• **Supplied data**
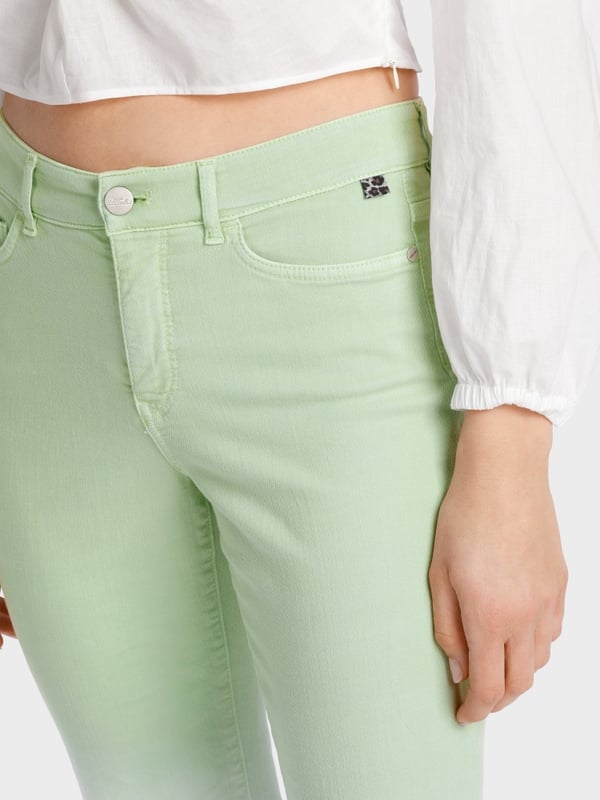 Marc Cain Jeans “Rethink Together” – Modell FORLI Neueste Mode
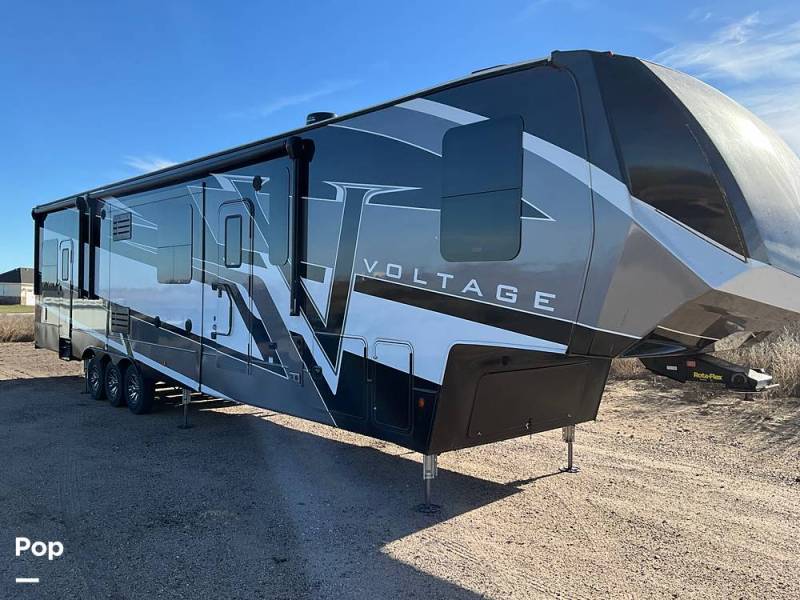 2021 Dutchmen Voltage 4225, $ 82,500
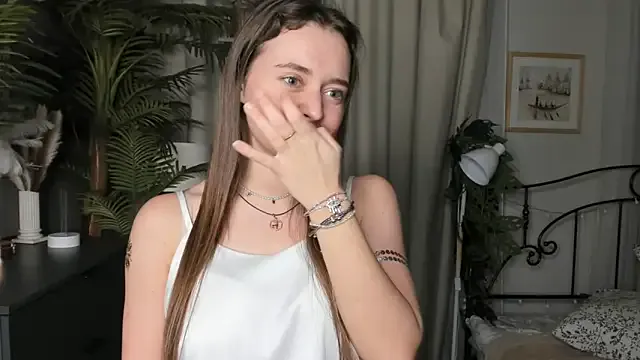 petites_perles – webcam model profile photo Image 4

• **Work to be completed**
Could you reproduce all of the material exactly? Keep the pictures out of it.

• **Your solution**
 Marc Cain Jeans “Rethink Together” – Modell FORLI Neueste Mode
 2021 Dutchmen Voltage 4225, $ 82,500
 petites_perles – webcam model profile photo Image 4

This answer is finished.